# How to complete this task:
Look through the entries below and copy exactly the part that begins with the line containing "小学校　泉川小学校（小学校）まで163m" and ends with the line containing "Holiday Inn Istanbul". Do not copy the pictures.

# Extracted data:
======

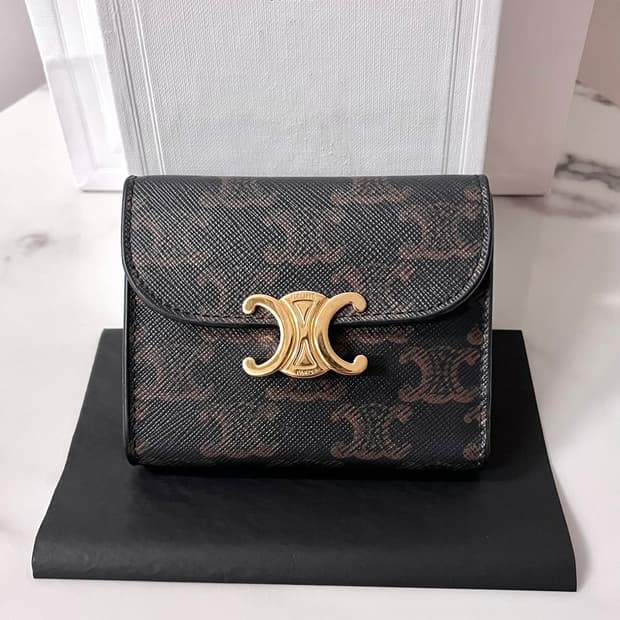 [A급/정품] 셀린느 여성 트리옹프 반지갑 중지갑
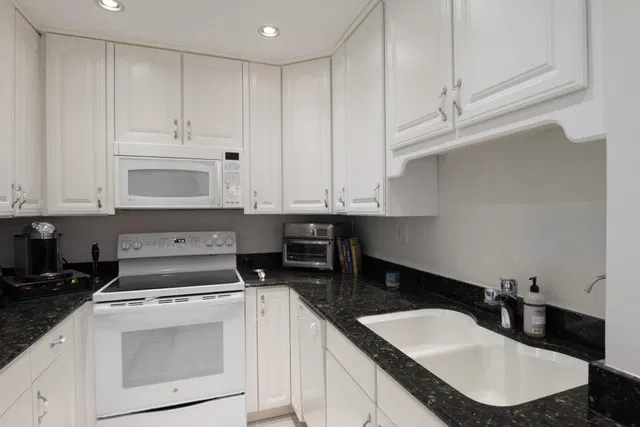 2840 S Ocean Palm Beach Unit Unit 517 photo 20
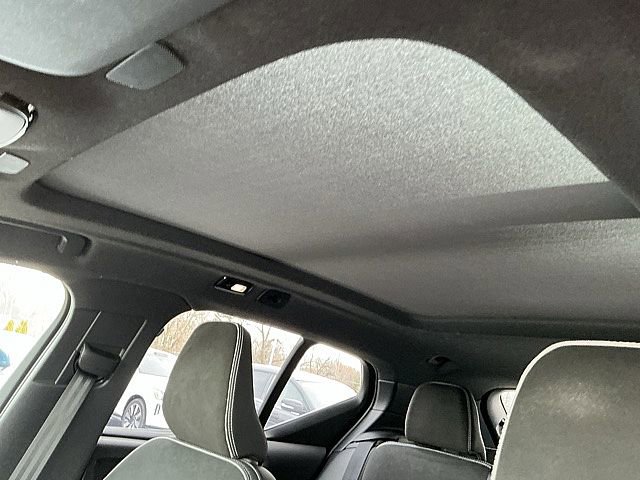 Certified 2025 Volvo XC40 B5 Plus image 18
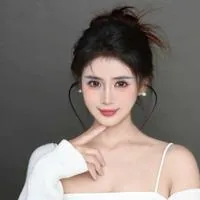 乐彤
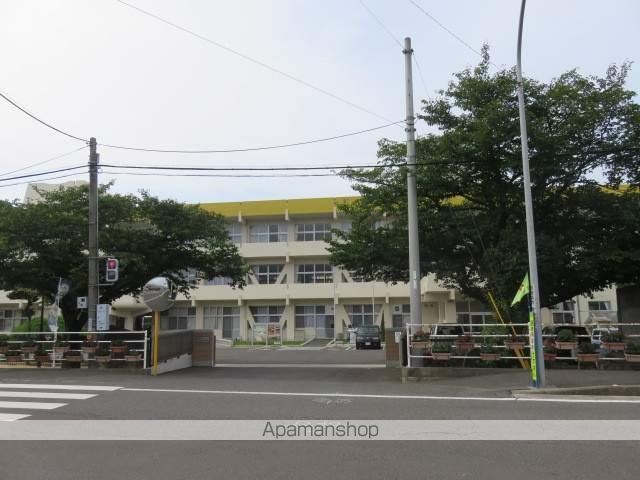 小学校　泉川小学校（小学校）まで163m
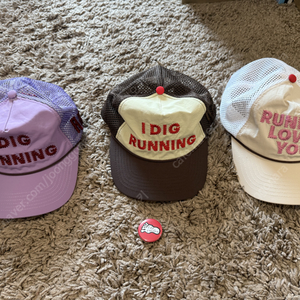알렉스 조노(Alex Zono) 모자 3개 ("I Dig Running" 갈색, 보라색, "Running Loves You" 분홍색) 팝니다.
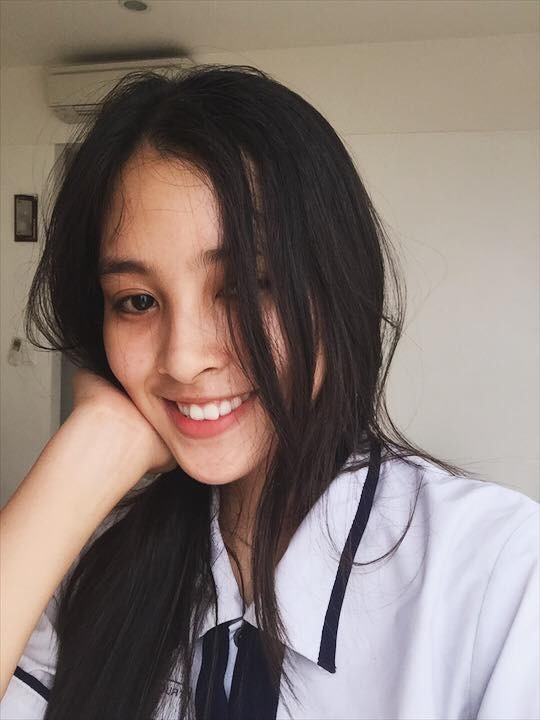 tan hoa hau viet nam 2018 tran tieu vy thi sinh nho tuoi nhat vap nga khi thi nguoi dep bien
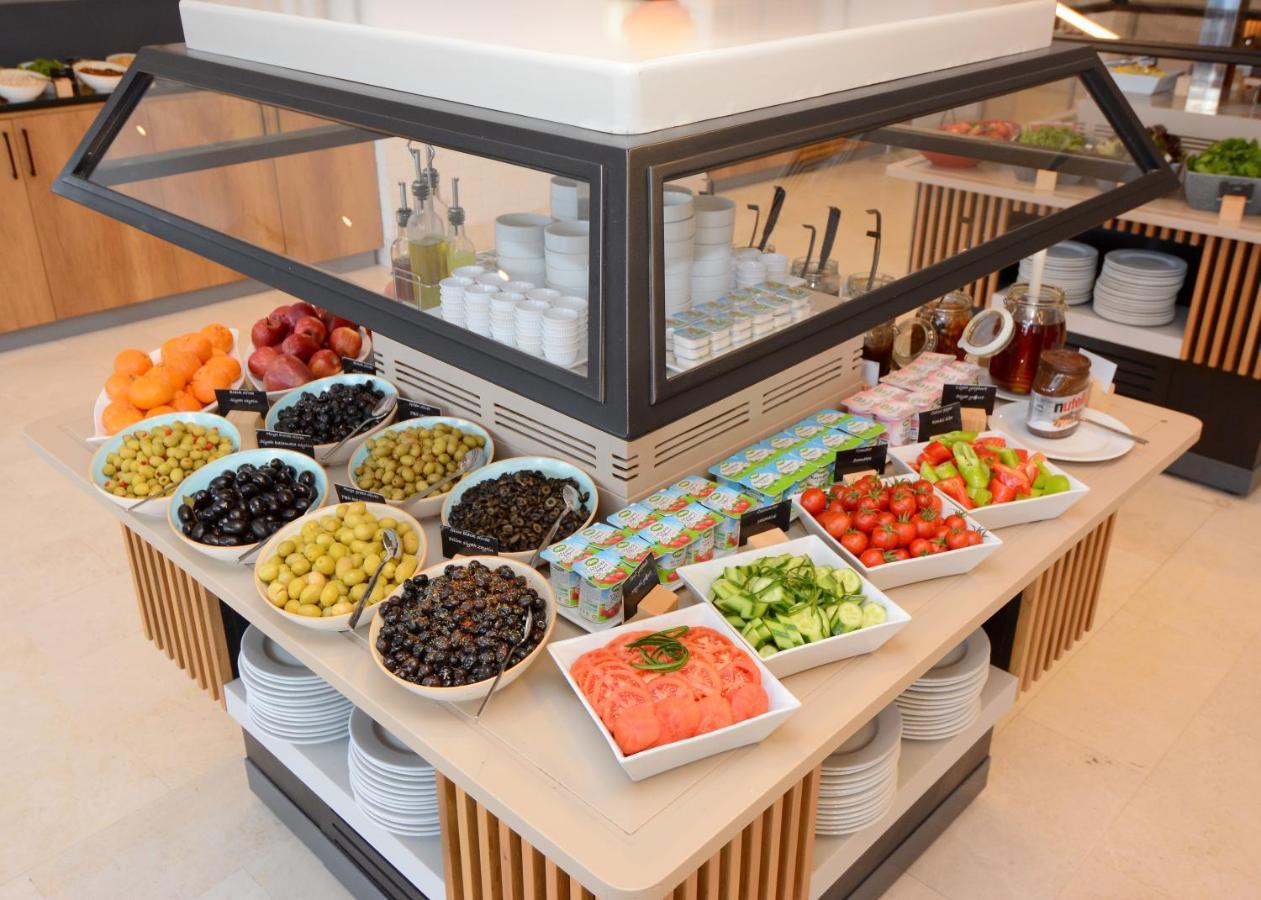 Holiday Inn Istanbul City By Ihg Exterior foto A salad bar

======

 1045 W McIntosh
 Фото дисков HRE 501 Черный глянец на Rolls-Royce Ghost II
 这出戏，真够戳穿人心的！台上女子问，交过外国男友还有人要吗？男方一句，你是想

======

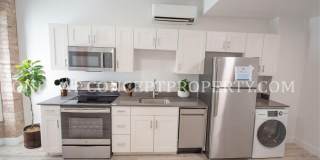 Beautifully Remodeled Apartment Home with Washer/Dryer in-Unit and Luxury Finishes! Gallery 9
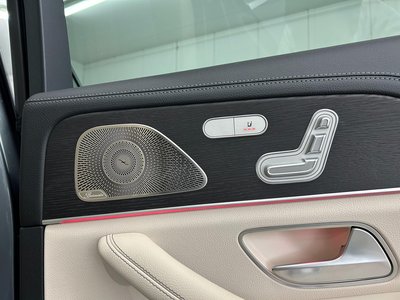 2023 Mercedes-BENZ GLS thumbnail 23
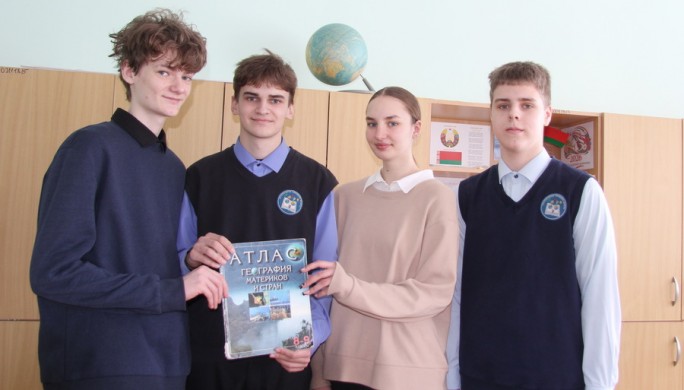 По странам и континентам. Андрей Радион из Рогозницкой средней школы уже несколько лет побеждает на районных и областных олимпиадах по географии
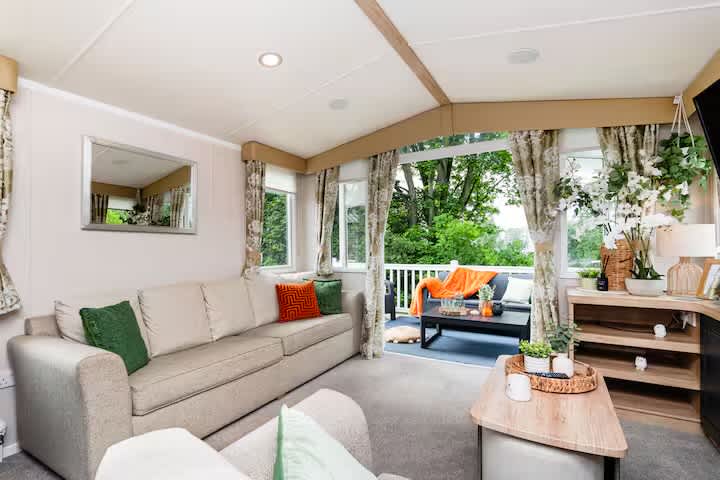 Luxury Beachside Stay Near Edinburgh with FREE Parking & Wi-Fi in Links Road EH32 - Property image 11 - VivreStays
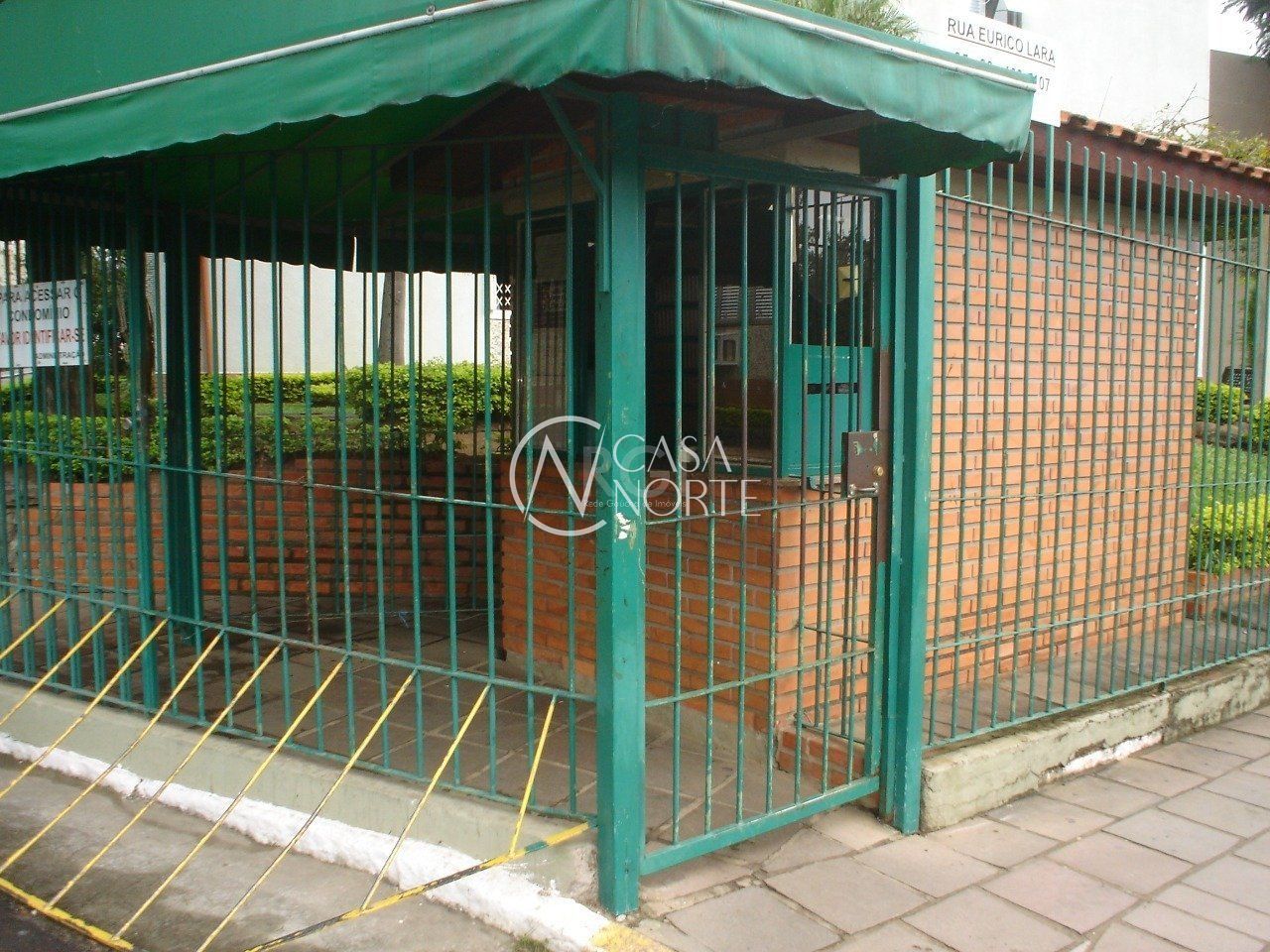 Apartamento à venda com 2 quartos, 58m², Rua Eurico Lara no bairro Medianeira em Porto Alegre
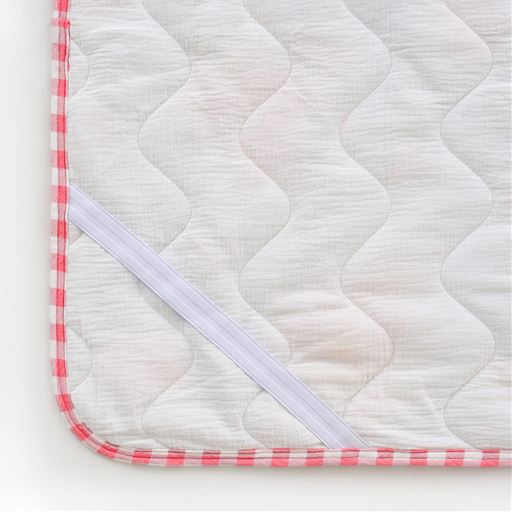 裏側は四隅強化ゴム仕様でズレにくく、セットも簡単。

======

# Exercise response:
 小学校　泉川小学校（小学校）まで163m
알렉스 조노(Alex Zono) 모자 3개 ("I Dig Running" 갈색, 보라색, "Running Loves You" 분홍색) 팝니다.
 tan hoa hau viet nam 2018 tran tieu vy thi sinh nho tuoi nhat vap nga khi thi nguoi dep bien
 Holiday Inn Istanbul City By Ihg Exterior foto A salad bar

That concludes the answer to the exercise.